(RECORDED INFORMATION Opens)

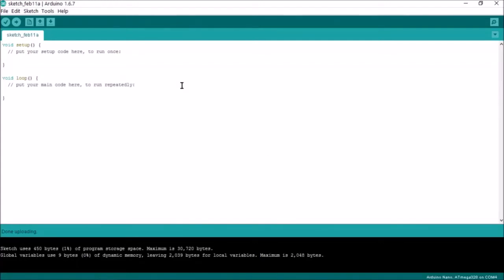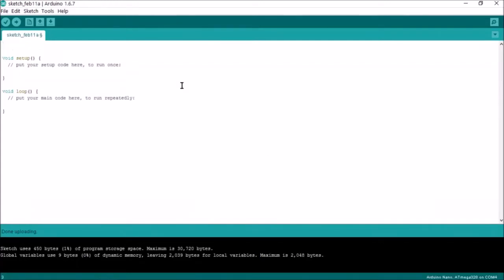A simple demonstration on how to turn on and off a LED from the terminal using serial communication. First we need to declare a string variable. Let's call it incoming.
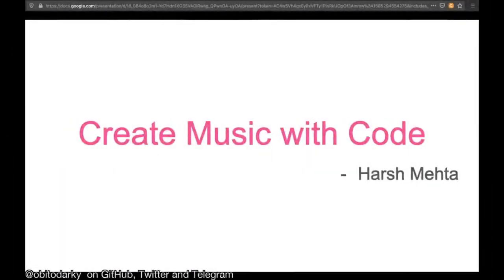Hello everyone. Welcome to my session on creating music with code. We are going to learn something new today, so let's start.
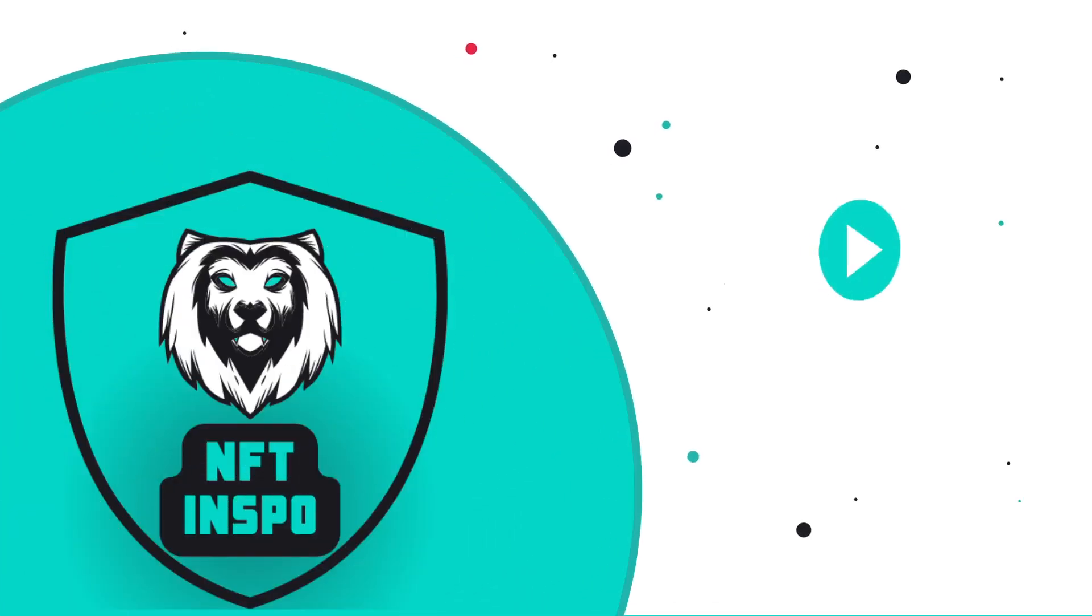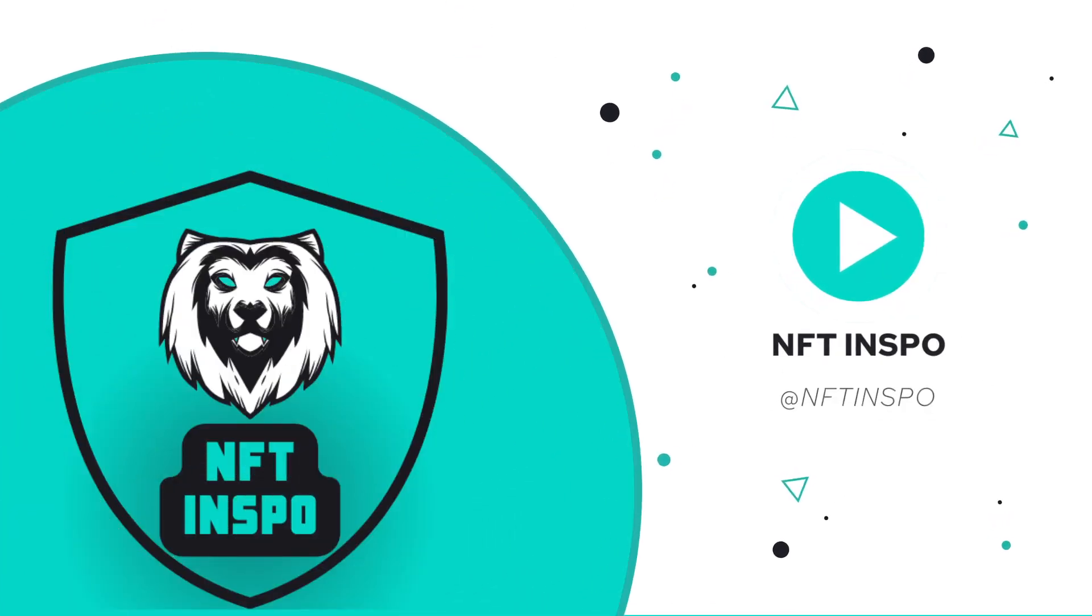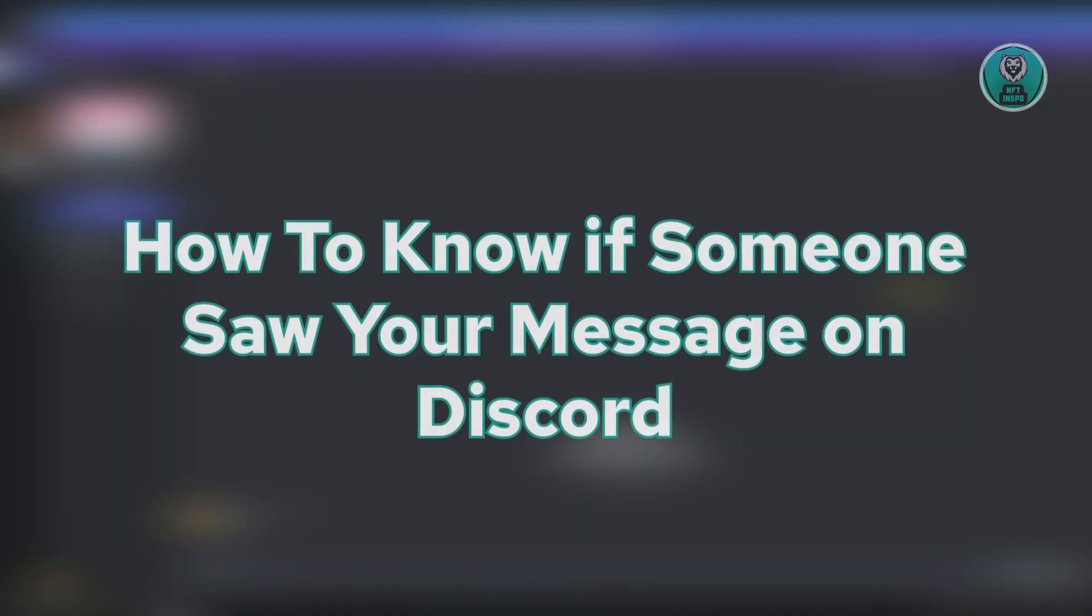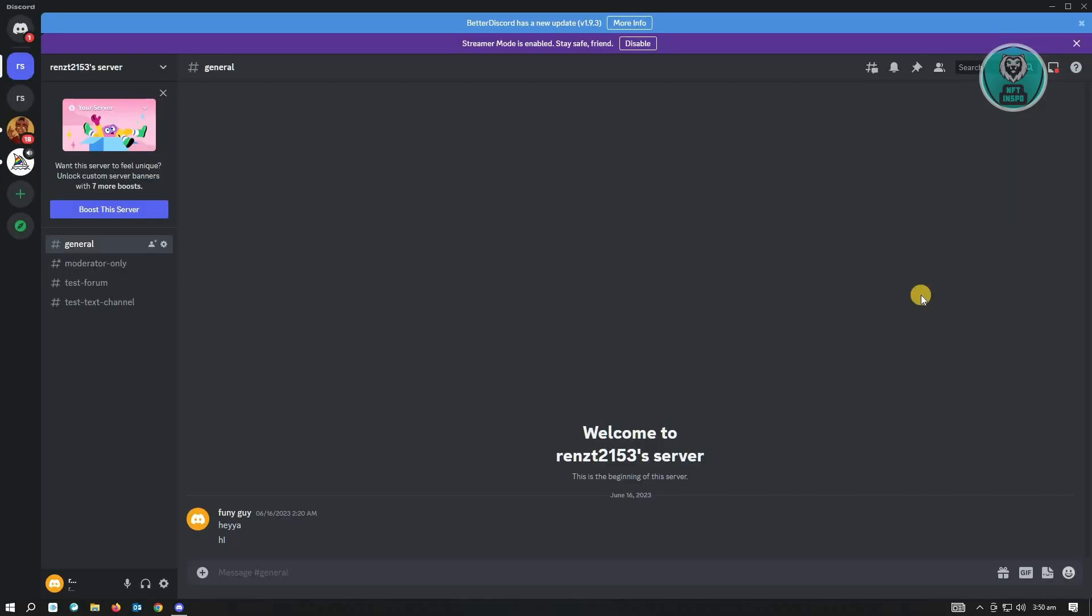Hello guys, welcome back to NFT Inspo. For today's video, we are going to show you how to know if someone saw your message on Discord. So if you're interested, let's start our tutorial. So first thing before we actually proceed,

(RECORDED INFORMATION Closes)

— ASSIGNMENT —
Extract the lines exactly, please: the first line of the listing, the line with "Hello everyone. Welcome", and every line between them, but no pictures.

— WRITTEN RESPONSE —
A simple demonstration on how to turn on and off a LED from the terminal using serial communication. First we need to declare a string variable. Let's call it incoming.
Hello everyone. Welcome to my session on creating music with code. We are going to learn something new today, so let's start.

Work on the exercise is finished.